SKOWHEGAN — Experts in planning, development and public policy will join hundreds of officials and business leaders from across the state this week for the annual Build Maine conference, held for the third year in Skowhegan.

Starting Wednesday, an expected 250 attendees will attend planned workshops and presentations focused on topics related to development, housing, transportation and more that they can apply locally, according to a news release from the nonprofit Main Street Skowhegan, one of the conference hosts and organizers.

“We’re thrilled to welcome Build Maine attendees to Skowhegan again this year,” Kristina Cannon, president and CEO of Main Street Skowhegan, said in a statement. “With all of the momentum in Skowhegan around community economic development initiatives, civic infrastructure development, and village design, Skowhegan provides the perfect backdrop for this innovative event.”

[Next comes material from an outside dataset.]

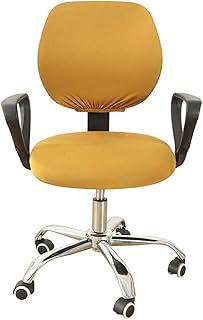 Qianbo Cubierta de Silla Antipolvo Fundas para Sillas Cubierta de La Silla de La Computadora de Oficina Marrón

Build Maine begins Wednesday with a session on how to repurpose upper floors of downtown buildings, led by Kerri Falletti from the Kansas Department of Commerce and John Egan from the Genesis Fund. Wednesday evening will also feature Main Street Skowhegan’s business lab pitch competition, in which five local entrepreneurs and three high school students will compete for cash prizes.

Presentations and workshops scheduled throughout the day Thursday will cover topics that include the impact of climate change on planning; the relationship between climate and housing policies, rural population growth and sustainable transit systems in Maine; and small-scale housing developments.

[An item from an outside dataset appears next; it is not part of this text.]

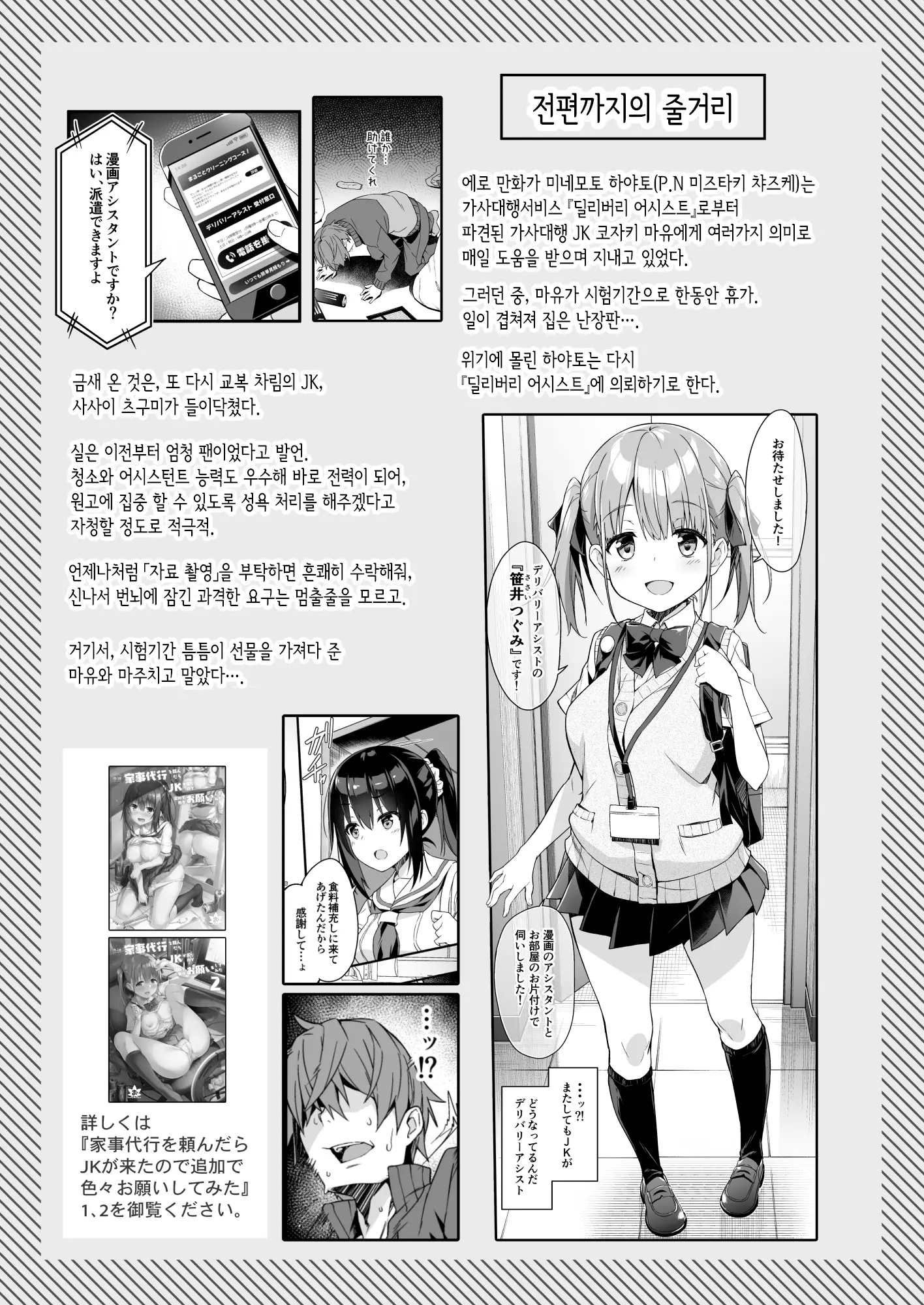 웹툰 이미지 2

Also on Thursday, the advocacy group GrowSmart Maine and its partners will provide a recap of Policy Action 2023, a two-year effort that resulted in 17 legislative bills that aimed to reduce barriers to building housing and address the loss of rural and working lands to development.


State officials from the Department of Economic and Community Development, the Department of Transportation, the Governor’s Office of Policy Innovation and the Future, and MaineHousing will provide updates on state-level programs and sources of funding available to municipalities to help advance local priorities. Officials from Vermont and New Hampshire will also share new policies and programs in their states.

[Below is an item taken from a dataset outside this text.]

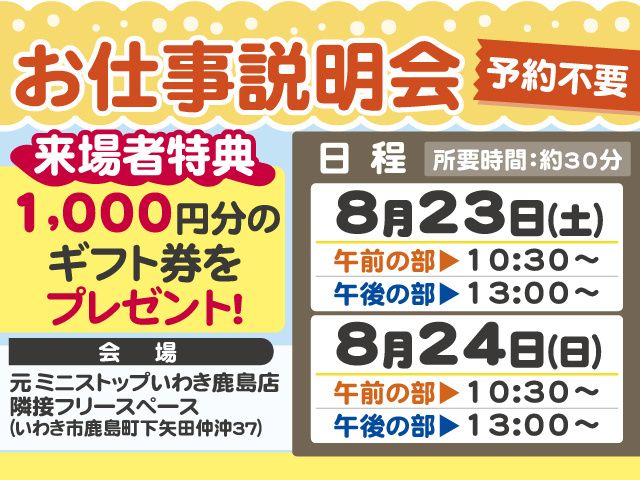 株式会社磐城タクシーのアルバイト・バイト求人情報-02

Nathan Phillips, a professor of earth and environment at Boston University, speaks last year at Build Maine in Skowhegan. Ann Rieke photo

Thursday will also feature a session on how Main Street businesses can thrive across the U.S., led by Matt Wagner, chief program officer at the national group Main Street America.

During the conference, participants can also tour business development projects in Madison and Waterville, Skowhegan’s Maine Grains grist mill, and the Spinning Mill redevelopment in downtown Skowhegan. Social and networking events are scheduled for Wednesday and Thursday.

Along with Main Street Skowhegan and the town of Skowhegan, organizers, supporters and hosts of Build Maine are the Congress for the New Urbanism Maine, the Maine Downtown Center, the Maine Municipal Association, and the Maine Real Estate & Development Association.